What interested us was that the children who were exclusively/predominantly breastfed during the first half year of life had a higher risk of ECC. This finding agrees with the results of earlier studies reporting a significant relation between the duration of breastfeeding and ECC in young Chinese children [31, 32], similar to its neighboring province of Zhejiang [11]. Part of the reason might be that breast milk is more likely to cause caries than other types of milk [33]. Additionally, extended breastfeeding contributes to the colonization of Streptococcus mutans [34], which synergistically induces ECC. Breastfeeding is recommended by the WHO [35]; however, considering the relationship between breastfeeding and ECC, dental experts recommended weaning from the breast shortly after the child’s first birthday [36].
It is recommended that the first dental visit should be performed by 12 months to assess the risk of ECC and provide early intervention when needed [37]. Dental visit history is usually a protective factor for ECC in developed areas [38, 39]. However, in this survey, children who had dental visit histories had higher prevalence and dmft scores of ECC than those without dental visits.

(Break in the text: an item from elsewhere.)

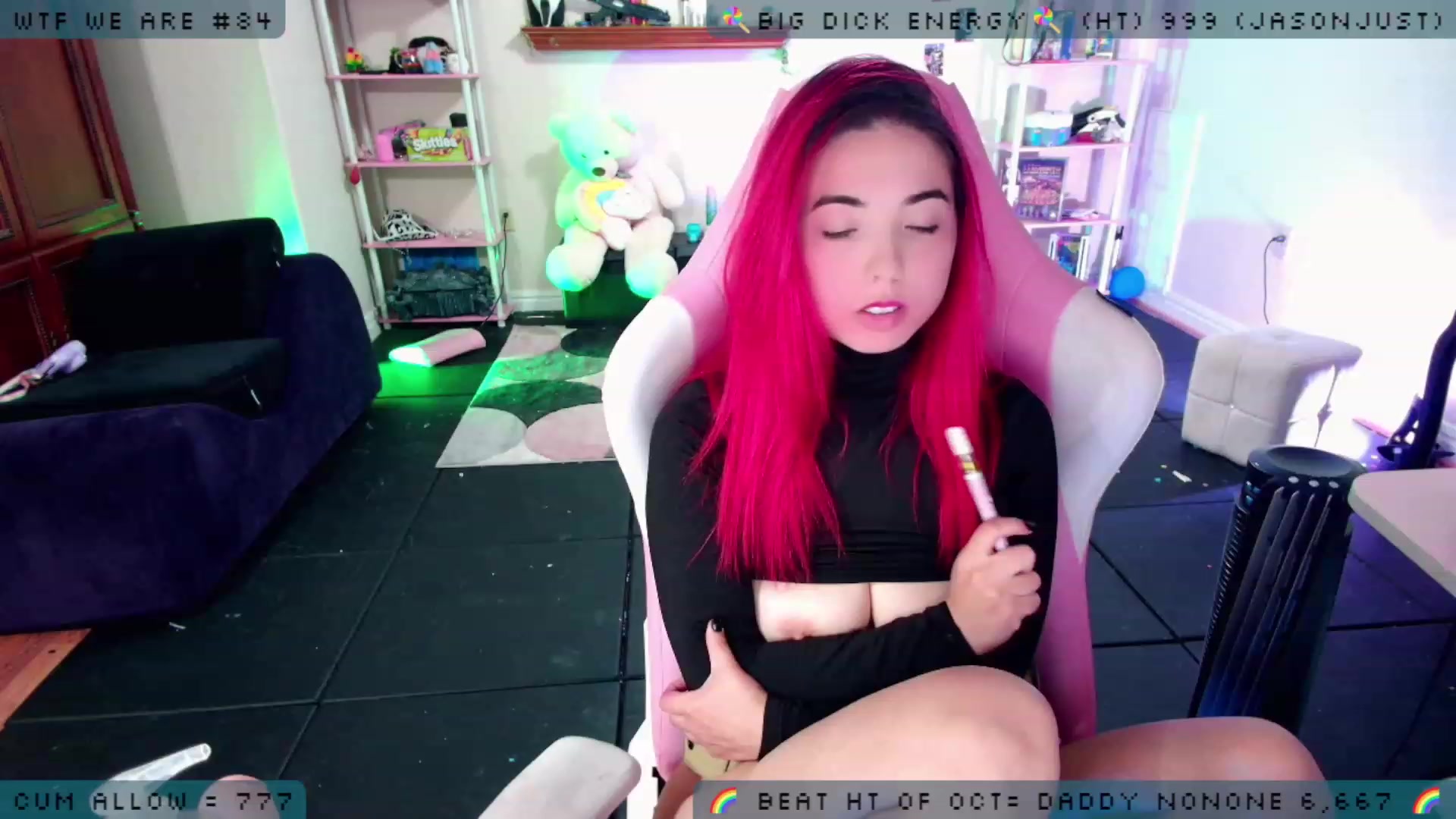Gallery image thumbnail from JessWhitmore's myfreecams stream on, 10/18/2023, 06:30 image 16 of 20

This difference may be due to the different patterns of visiting dentists. Children in developed areas often visit dentists for preventive examinations and take preventive measures. However, in China, dental treatment has been sought since these children had already experienced oral health problems, which is therapeutic rather than preventive. Visiting dentists only when a problem was perceived was a risk factor for ECC [40]. This finding agrees with the results of some other Chinese studies [32, 41, 42].
There were no significant relations between toothbrushing habits and ECC in this study. However, children who start brushing their teeth at an older age are at higher risk of developing ECC. Moreover, lack of toothbrushing was a risk factor for ECC [43], and irregular brushing at 18 months of age was a highly significant predictor of developing ECC [44]. Brushing less than twice a day or difficulties brushing teeth during the first year of preschool were significant determinants of ECC at the age of 5 years [45]. Therefore, professionals should give parents special attention and assist in improving and optimizing their toothbrushing behavior during children’s preschool years.
The strengths of this survey include a representative sample which was ensured by an equal-sized, stratified, multistage random sampling approach, the use of a reliable index, and a statistical analysis with a weighted process which made the results be close to reality and permit us to generalize the findings to the population.